Conspiracy Theory: Freedom from Information
Steve Jackson Games, $30, 3+ Players, Ages: 13+
Conspiracy Theory is Steve Jackson’s paranoid answer to black and white card games (*cough* Cards Against Humanity *cough*). As with similar games, a rotating judge chooses a black card with a statement and 1 or 2 missing words on it and players use words from their white-card hand to try and cleverly, creatively, hysterically complete the phrase. The judge for that turn votes on who had the best response. Conspiracy adds a third deck to the mix, a red deck. The red deck, which the judge can pick from, has themes for the responses (funny, serious, insane, etc). Adding this wrinkle makes coming up with worthy responses more challenging. The rules sheet points out that the 500+ cards in this deck can be incorporated into similar games (don’t make me fake-cough again).


Tiki Topple
Gamewright, $14, 2-4 players, Ages: 10+
If you’ve noticed, this month has something of a theme: casual games. One of the companies that rules in the casual/party game space is Gamewright.
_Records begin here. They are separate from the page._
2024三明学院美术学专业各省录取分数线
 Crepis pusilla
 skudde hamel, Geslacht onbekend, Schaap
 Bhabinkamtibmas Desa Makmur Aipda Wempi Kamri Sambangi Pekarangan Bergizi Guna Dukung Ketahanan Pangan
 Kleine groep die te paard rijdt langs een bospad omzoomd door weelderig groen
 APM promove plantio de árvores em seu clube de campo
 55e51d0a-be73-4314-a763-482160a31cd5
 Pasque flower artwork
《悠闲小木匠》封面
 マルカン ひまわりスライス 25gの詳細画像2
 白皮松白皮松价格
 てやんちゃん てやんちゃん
They know how to make games that are easy to learn, exciting and fun to play, and they produce games that are beautifully illustrated and produced and cleverly marketed. The latest in this party game fare is Tiki Topple, a simple abstract strategy game with a Polynesian flare. 2-4 players try and “stack” (despite “topple” in the title, you build your tiki totem horizontally) their tiki idols in a sequence as it is indicated on a secret card that each player draws. Additional drawn cards indicate what moves players can make to try and arrange their tikis at the top of the totem in the sequence indicated on their secret card. Players do this while trying to avoid Tiki Topple (a card that sends their idol to the bottom) or Tiki Toast, a card that destroys your tiki outright. And that’s basically it. This is a great game to play with people who aren’t gamers and might be intimidated by a more complicated rule set or longer games. The little plastic tiki idols and all of the game’s components are lovely and add to the ambience. Mai Thais, Fog Cutters, and Navy Grog optional.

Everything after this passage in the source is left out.